Durante el día recitaba mantras y jaculatorias. Fue una de las figuras más
impresionantes que pasaron por mi vida,
con una retórica capaz de resucitar muertos.
Éramos amigos-hermanos.
Tenía
extraña manera propia de rezar. El mismo me lo contó. Pensaba: si Dios se hizo
humano en Jesús, entonces fue como uno de nosotros: hizo pipí, caca,
lloriqueaba pidiendo pecho, hacía pucheros cuando algo le molestaba, como el
pañal mojado.
Al
principio, pensaba él, Jesús habría querido más a María, luego más a José,
cosas que Freud y Winnicott explican. Y fue creciendo como nuestros niños,
jugando con las hormigas, corriendo tras los perros y, travieso, robando frutas
del huerto del vecino.
Ese
extraño místico rezaba a Nuestra Señora imaginando como acunaba a Jesús, como
lavaba en el tanque de agua los pañales sucios, como cocinaba la papilla para
el Niño y una comida más fuerte para su marido carpintero, el buen José.
Y
se alegraba interiormente con tales cavilaciones porque así debe ser pensada la encarnación del Hijo
de Dios, en la línea del Papa Francisco, no como una doctrina fría, sino como
un hecho concreto. Sentía y vivía tales
cosas en forma de conmoción del corazón. Y lloraba con frecuencia de alegría
espiritual.
Donde
llegaba, creaba siempre a su alrededor una pequeña comunidad en la peor favela
de la ciudad. Tenía pocos discípulos. Solo tres que acabaron marchándose.
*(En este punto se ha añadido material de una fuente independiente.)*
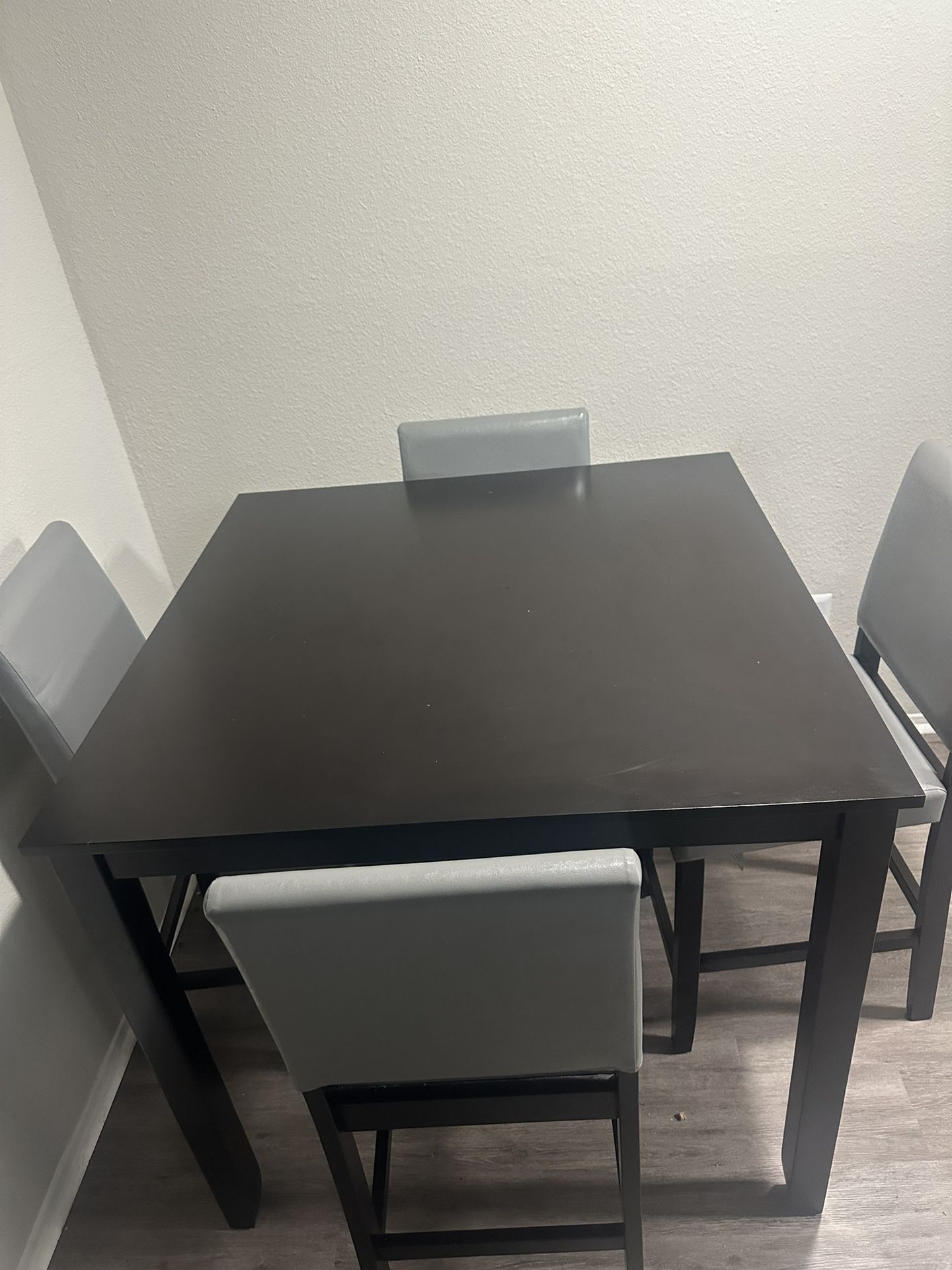 Dining Room Table And 4 Chairs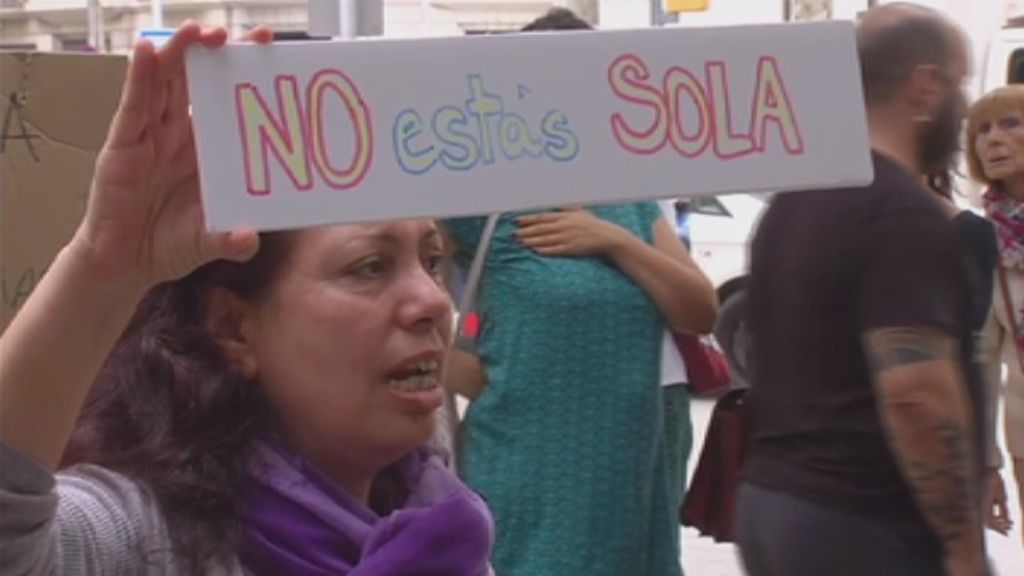 La madre encerrada en el consulado de Uruguay entrega a su hija a los Mossos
Encontraban demasiado dura aquella vida y todavía tenían que meditar durante el
día, en el trabajo, en la calle, en la visita a los caseríos más decaídos.
Sólo,
se agregó entonces a una parroquia que hacía trabajo popular. Trabajaba con los
sin-tierra y con los sin-techo. Valeroso, organizaba manifestaciones públicas
frente a la alcaldía y animaba las ocupaciones de terrenos baldíos. Y cuando
los sin-tierra y sin-techo conseguían establecerse, hacía bellas “místicas”
ecuménicas, como hace siempre el MST.
Y
todos los días, hacia las 10 de la noche se adentraba en la iglesia oscura.
Solo la lamparina lanzaba destellos titubeantes de luz, transformando las estatuas muertas en fantasmas vivos y las
columnas erectas en extrañas brujas. Y allí se quedaba hasta las 11 de la
noche, impasible, con los ojos fijos en el tabernáculo.
Un
día fui a buscarlo a la iglesia. Le pregunté a boca jarro:“mi hermano Arturo,
¿es que tú sientes a Dios, cuando después del trabajo te metes a rezar aquí en
la iglesia?
-¿Te
dice alguna cosa?”
Con
toda tranquilidad, como quien despierta de un sueño me respondió: “No siento
nada. Hace mucho tiempo que no escucho su voz. La sentí un día. Era fascinante.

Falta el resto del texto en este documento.